▶ Exercise prompt:
What you return must match the listing below character for character, minus any pictures.

▶ Information given:
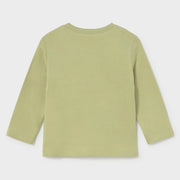 Back of the Mayoral green long sleeve dino t-shirt.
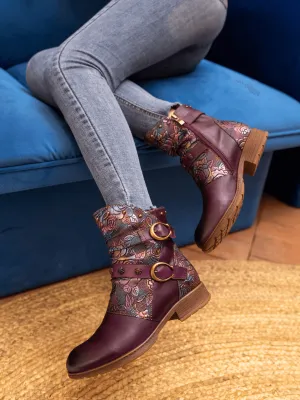 Nicolette Rivet Stud Leather Moto Boots - Violet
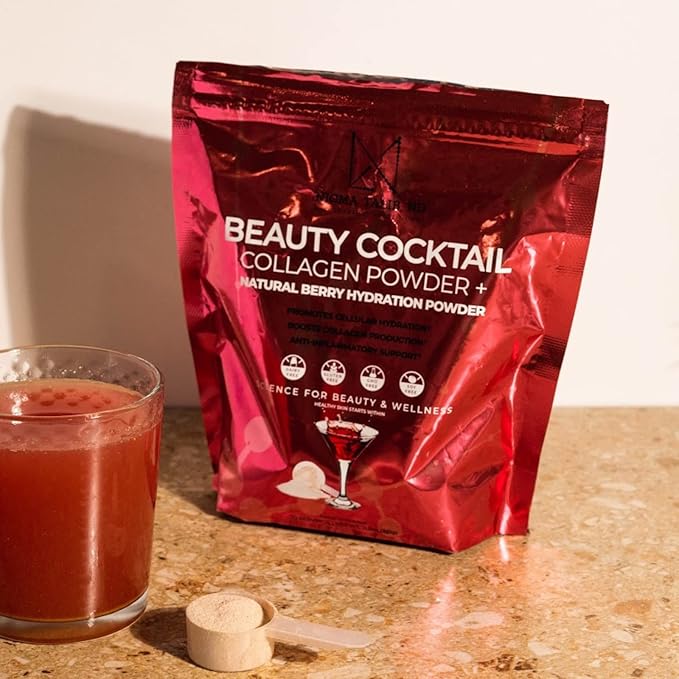 Beauty Cocktail Powder | Natural Berry Hydration Premium Marine Daily Electrolyte Drink Mix for Skin Hydration Radiance &amp Smooth Texture for Hair Nails &amp Complexion | 30 Servings | 11.3 oz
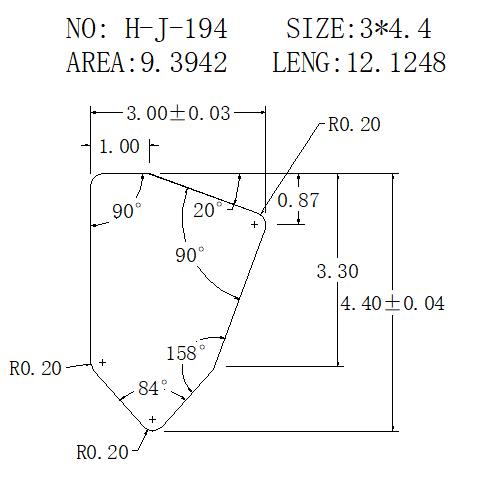 Wedge Wire H-J-194 drawing H-J-194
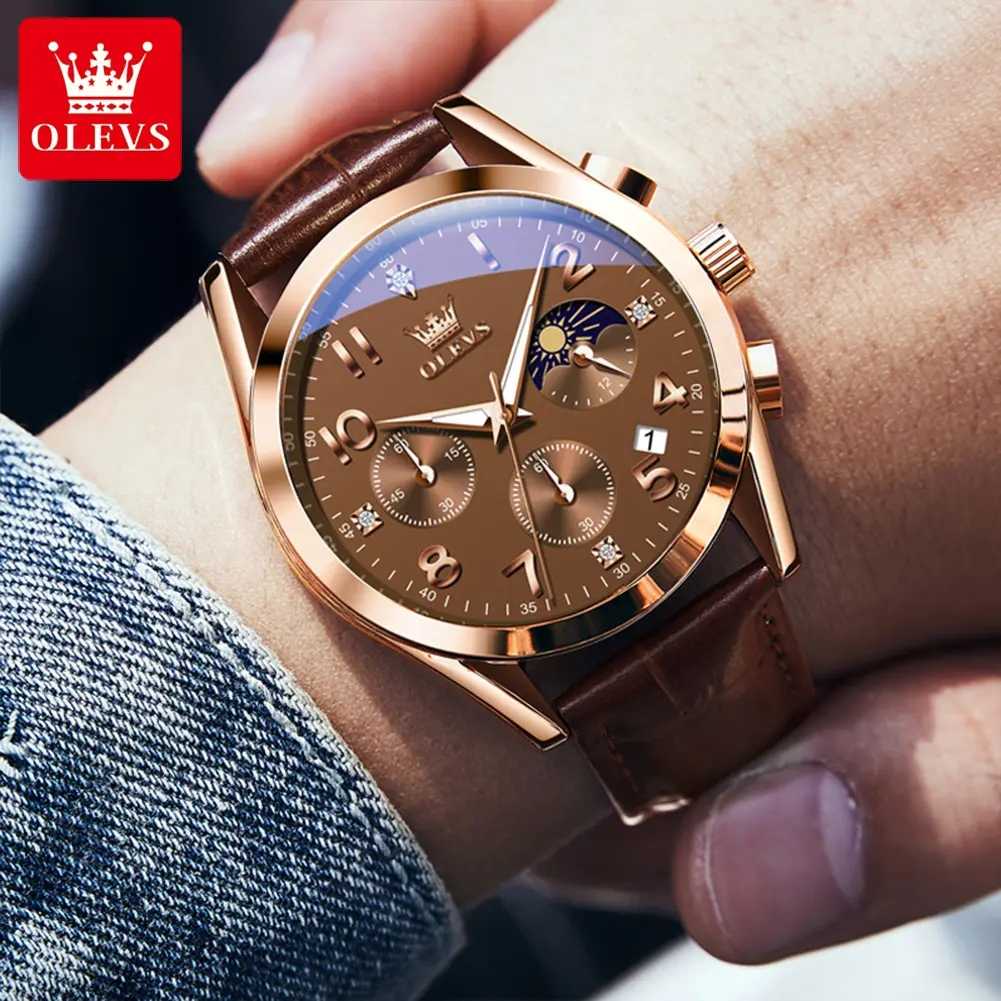 OLEVS 2890 Men Quartz Watch Top Brand Chronograph Wristwatch Sports Watches Luminous Leather Waterproof Clock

▶ Task answer:
 Back of the Mayoral green long sleeve dino t-shirt.
 Nicolette Rivet Stud Leather Moto Boots - Violet
 Beauty Cocktail Powder | Natural Berry Hydration Premium Marine Daily Electrolyte Drink Mix for Skin Hydration Radiance &amp Smooth Texture for Hair Nails &amp Complexion | 30 Servings | 11.3 oz
 Wedge Wire H-J-194 drawing H-J-194
 OLEVS 2890 Men Quartz Watch Top Brand Chronograph Wristwatch Sports Watches Luminous Leather Waterproof Clock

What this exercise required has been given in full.